My Old Ass wastes no time in getting to its central conceit, as memorable as its title if not necessarily as original: Elliott (Maisy Stella) celebrates her 18th birthday camping with her friends Ro (Kerrice Brooks) and Ruthie (Maddie Ziegler), does some mushrooms, and gets a campfire visit from… Elliott, herself, from 21 years in the future, played – in one of those casting decisions that imagines a fundamental face-change between young adulthood and not-quite-middle age – by Aubrey Plaza. It’s easy to forgive the leap, because Stella and Plaza share an informal fluency in youthful insouciance that traverses their zoomer-millennial divide, and because generally speaking, you want to watch Aubrey Plaza in movies. Even when she’s playing the mom-defending, grad-school-attending normie adult in the room (or the woods), there’s electricity in her eyes.
It’s a bold decision, then, possibly even a miscalculation, to have Old Elliott disappear for much of the movie. She doesn’t leave behind a lingering question over whether what Young Elliott experienced is real, because the older version makes a gambit that pays off with the casualness of a Charlie Kaufman screenplay: She simply programs her future cell number into her younger self’s phone and the two are subsequently somehow able to share conversations across the yawning chasm of time (and without any hallucinogenic aid). For much of the movie, all we get is Plaza’s voice. For some crucial stretches, and much to her younger self’s chagrin, we only get her voicemail.
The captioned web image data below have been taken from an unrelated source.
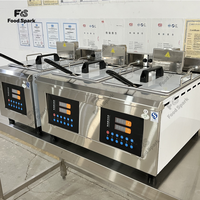 Friteuse à poulet 14L, cylindre unique, élévateur, friteuse électrique professionnelle, friteuse commerciale
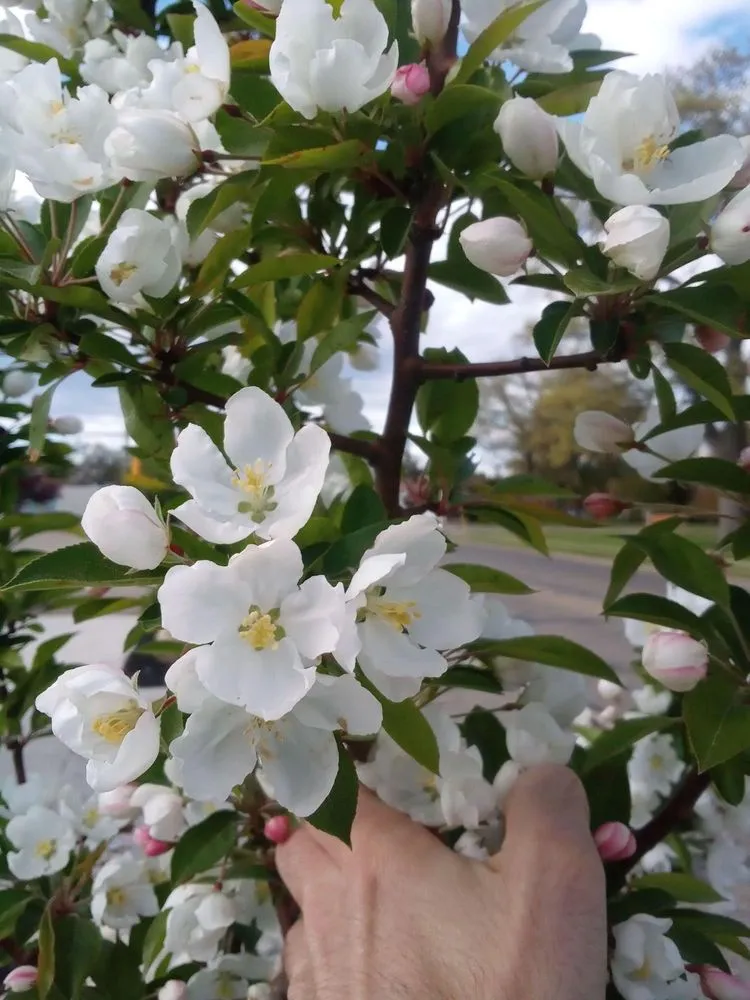 Affordable landscape installation experts serving Muskegon, MI - Revelation Lawn and Snow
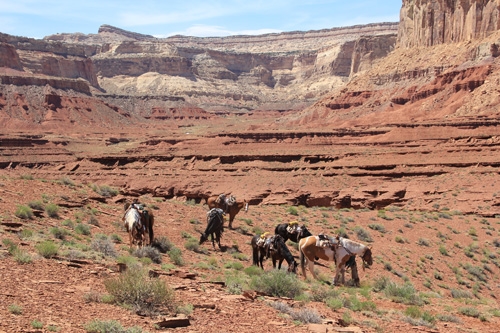 rando cheval ouest usa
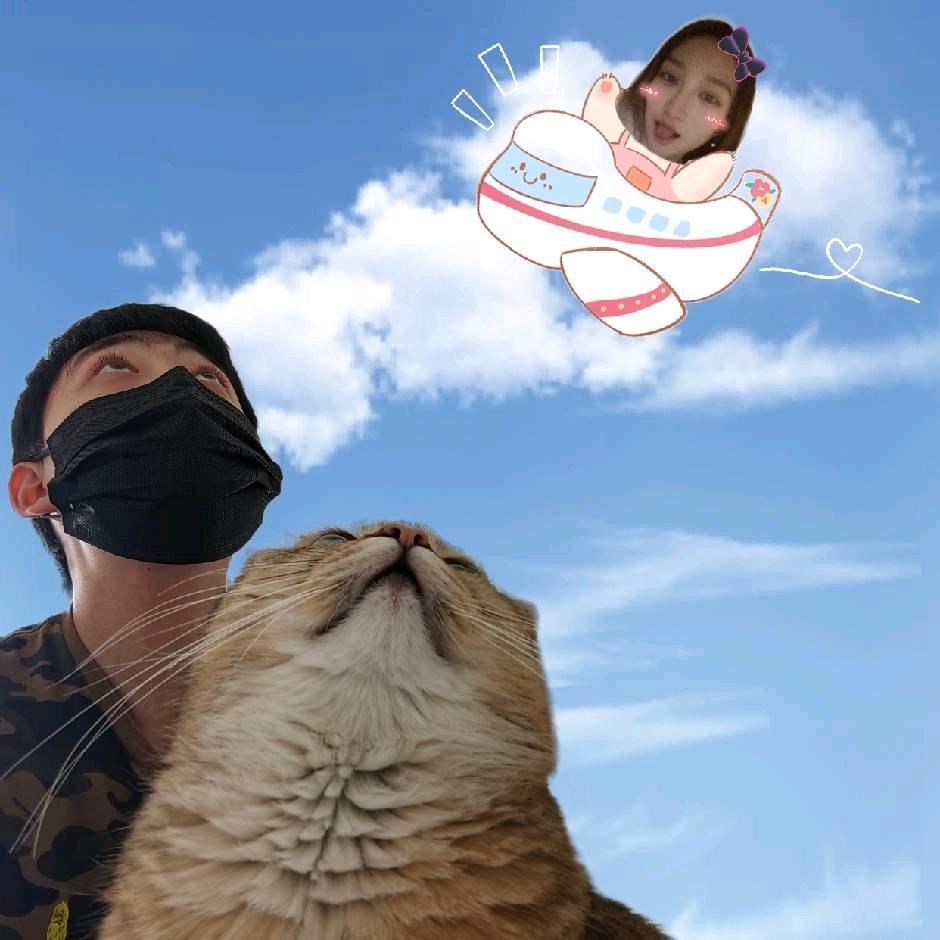 小豹爸比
The metatextual mystery that emerges is whether or not this is part of writer-director Megan Park’s grand design for My Old Ass, a necessity borne out of Plaza’s presumably limited availability, or some kind of triangulation of various creative and logistical factors. Regardless, Elliott meets Elliott before the audience knows many details of her younger life, which are filled in later, rather than building up to a big sci-fi twist. This leaves the movie structurally interesting, and also more than a little wobbly – a shame, given the inviting conceptual breeziness that Park uses to introduce her version of time travel. Though there are intimations of future-world decay on the older Elliott’s end of the line, she tries to offer advice in a more casual, less meddling way than, say, the sequel-teasing end of Back to the Future. She remembers that her younger self itches to escape her small Canadian town for her impending college education in a city, and therefore simply and gently implores her(self) to spend a little more time with her family, now and later; not at the expense of her goals (or as a dire warning about impending illness, which younger Elliott understandably guesses when older Elliott starts going on about how great their mom is), but with an attempt at understanding that no matter what the outcome, time will always slip away. That said, the older Elliott allows herself one piece of stricter and more specific advice: Don’t get involved with anyone named Chad.